Tips for Measuring and Assessing Soft Skills

Written By
Luke George
Published on
March 24, 2023
Blog

When organizations fill critical roles, they post a job description to recruit external candidates. Some also survey their staff to see if any current employees are qualified.

In either case, hiring teams typically evaluate hard skills—job-specific abilities that are essential to performing the job successfully. Many business leaders also acknowledge the importance of measuring and assessing soft skills—personal attributes that determine whether a candidate is a good cultural fit for the organization.

Industry research shows 73% of employee turnover is due to poor cultural fit. Organizations strive to minimize turnover because it kills productivity and is extremely expensive. In 2022, the cost of voluntary employee turnover amounted to over $1 trillion. For professional employees, the cost typically equals 100 to 150% of their salary; for a senior manager, it can be as high as 213%.

Why Measuring and Assessing Soft Skills is Important

Assessing hard skills helps you confirm whether a candidate can do a job but not whether the person will be successful in the role. The following example shows how a candidate can have all the right skills to do the job and fail because they are a poor fit for the corporate culture.

A software company in Phoenix, AZ, hired a lead engineer to manage a team of four Java developers. The company’s work environment was laid back and casual. All employees, including senior managers and the CEO, wore shorts, t-shirts, and Birkenstocks. Employees were allowed maximum freedom as long as they were in the office during business hours, attended meetings, and completed their work on time.

The new lead engineer had excellent technical skills but was an autocratic leader with a direct management style who wanted his orders followed without question. After he had been on the job for two months, the four developers on his team walked into the CEO’s office and threatened to quit.

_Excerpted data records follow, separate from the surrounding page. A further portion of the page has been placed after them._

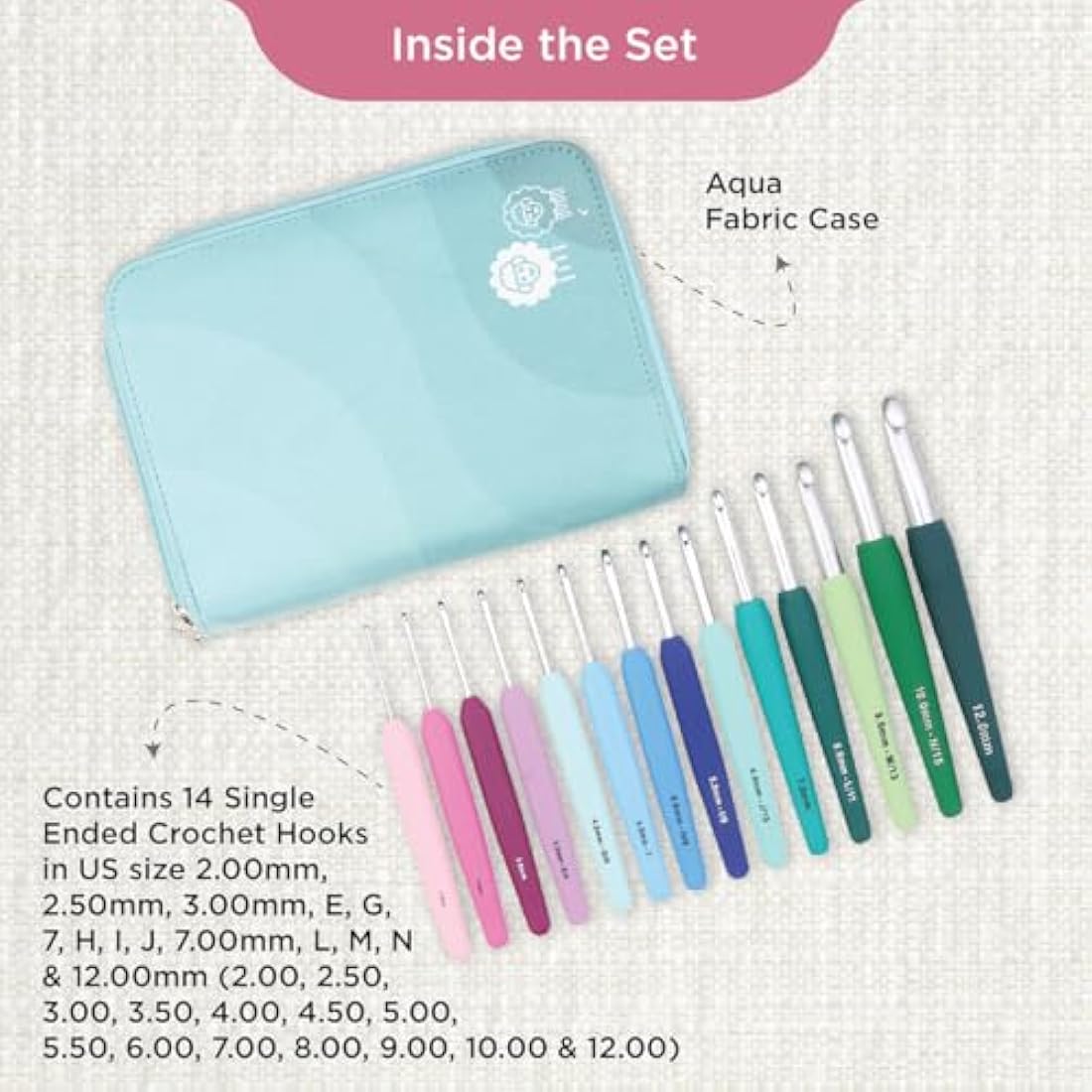 KnitPro Waves Crochet Hooks Set – 14 Hook Grande Gift Set, Sizes 2 – 12mm, Ergonomic Soft Handles, Soft Rubber Grip for Arthritic Hands, Light & Comfortable Crochet Needles for Knitting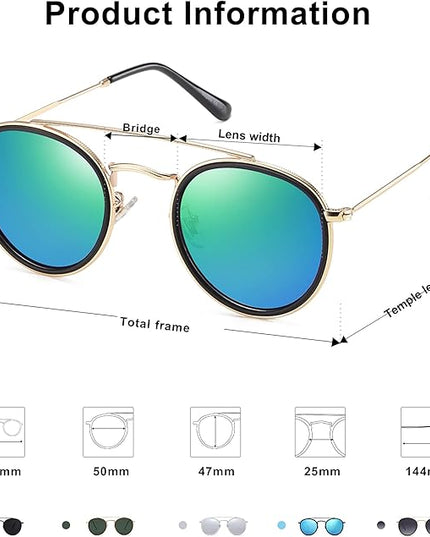 SOJOS Retro Vintage Round Polarized Sunglasses for Women Men Small Double Bridge Circle Sunnies SJ1104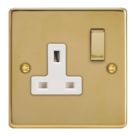 Varilight  13A 1-Gang 2-Pole Switched Socket Polished Brass  with White Inserts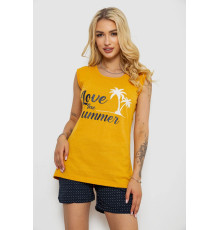 Піжама жіноча з принтом, колір жовтий, 243R2471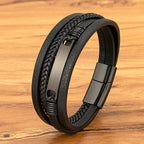 XQNI Multi-layer Braided Leather Wrap Bracelet Men Cool Trend Stainless Steel Casual Buckle Bracelet Jewelry Accessories Gift Usedleon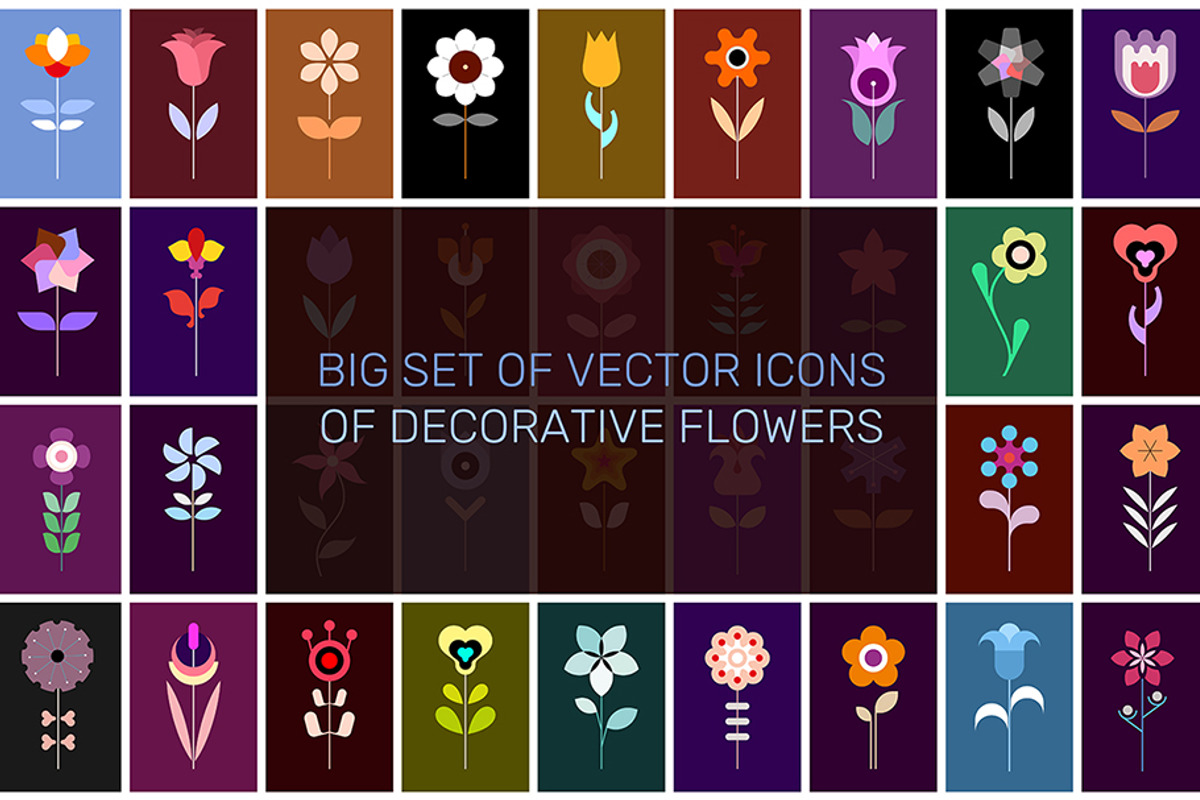 Flower Vector Icon Set, a Solid Icon by danjazzia (Photo 1 of 2)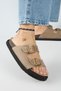 Sevalli Women's Leather Genuine Leather Double Buckle Mink Slippers - 4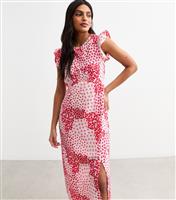 Women's Pink Ditsy Print Frill Trim Midi Dress New Look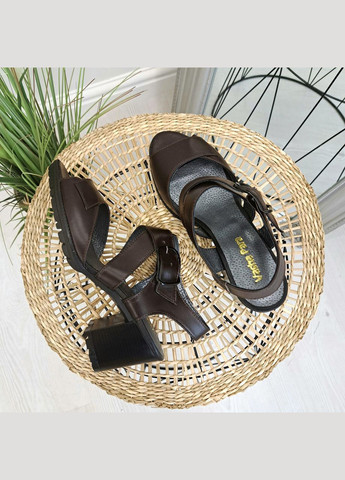 Коричневые босоножки коричневые кожаные женские на устойчивом каблуке. 41 размер Vasha para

There was no doubt that the lead engineer had the technical skills that were required for the job. However, an online soft skills assessment would have shown that his management style was incompatible with corporate culture. He moved on to another company; the company hired a new lead engineer, and both sides were happy.

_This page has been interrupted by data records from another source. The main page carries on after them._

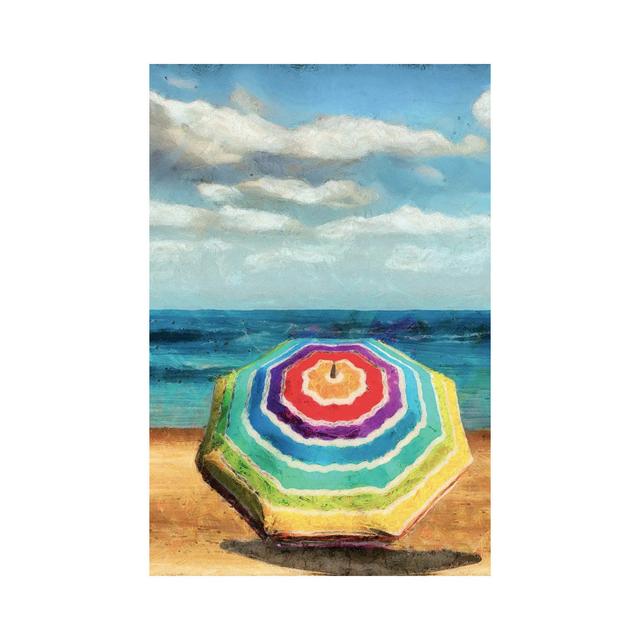 Beach Umbrella I by Alonzo Saunders - Wrapped Canvas Painting House of Hampton Size: 101.6cm H x 66.04cm W x 3.81cm D on Productcaster.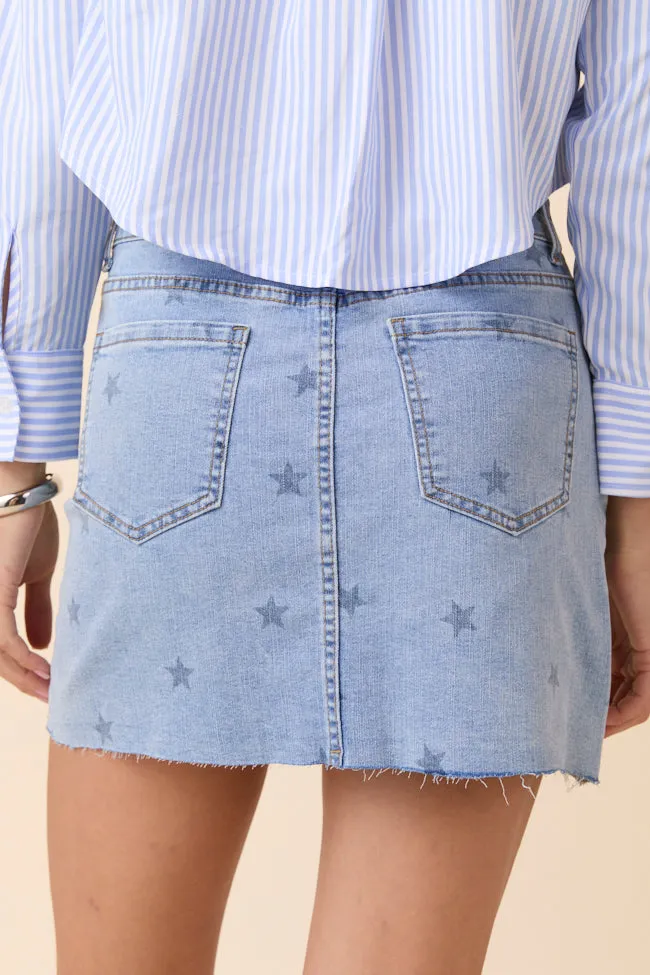 Katherine Star Print Denim Mini Skirt FINAL SALE sold by Pink Lily product image thumbnail 4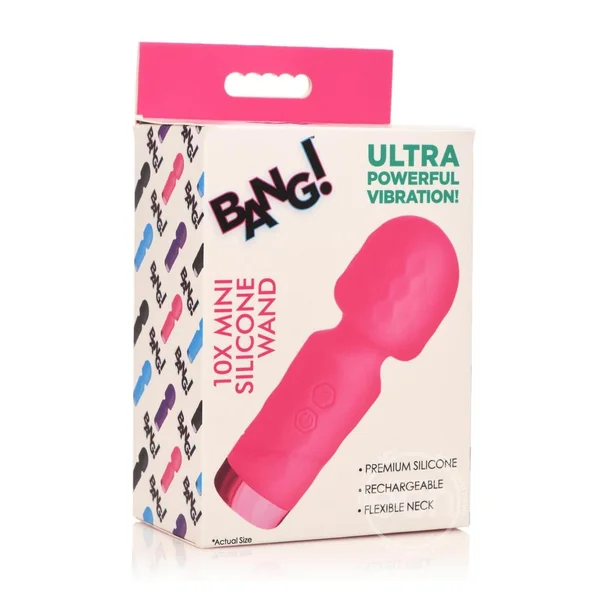 Bang! 10X Mini Silicone Rechargeable Wand - Pink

How to Measure and Assess Soft Skills

Organizations need to implement an industry-leading assessment solution such as the eSkill Talent Assessment PlatformTM to measure and assess soft skills and hard skills accurately.

eSkill clients have access to a library with hundreds of assessments. They can use pre-prepared assessments or build custom assessments, tailored to specific jobs, by selecting questions from multiple assessments. They can even add their own questions.

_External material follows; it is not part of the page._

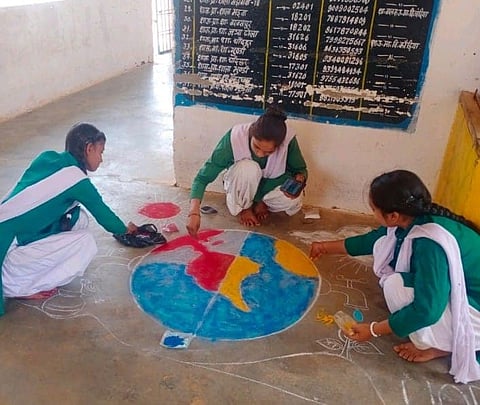 School Girls making a rangoli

Suppose the company in our example used an assessment solution. In that case, the HR team could have required applicants to complete hard skills tests such as Java Developer and Project Manager and online soft skills assessments such as Team Management and Leadership Skills. They also could have built their own test by selecting questions from each of these assessments and adding their own questions.

Other Tips for Measuring and Assessing Soft Skills

Hard skills are easy to assess because they measure abilities candidates have acquired through training, school, or work experience. So, the Java Developer and Project Manager skills tests would have confirmed that the lead engineer knew how to build Java-based applications and understood the software development process and best practices.

Soft skills can be challenging to evaluate. The lead engineer was friendly and personable during his interviews and sounded like the perfect hire. Unfortunately, he was a completely different person on the job. If the hiring team had required the candidate to complete online soft skills assessments, they would have seen the warning signs and chosen someone who was a better fit for the company culture.

These are some other tips and hiring best practices they could have used to measure and assess soft skills.

Ask Candidates to List Soft Skills That Are Important for the Job: If candidates do not know which soft skills were needed for the job, it is likely that they would not be a good fit.

Ask Candidates to Explain How They Used Soft Skills in Work Situations: Candidates could demonstrate that they understand the job and company environment. This would show the hiring team how they would react in specific situations and indicated whether their actions would disrupt team chemistry.

Present Candidates with Scenarios that Require Soft Skills to Resolve: An excellent way to measure and assess soft skills is to present candidates with scenarios they will encounter on the job and ask how they would address the problem. The candidate’s answers could reveal potential red flags so the hiring team could consider other applicants.

Get Started with Online Soft Skills Assessments

An assessment solution is an organization’s best tool for identifying top internal and external talent because it takes the guesswork out of hiring. Hard skills test results show which candidates have the skills to do that job, and online soft skills assessment results indicate whether they can work well in your company environment.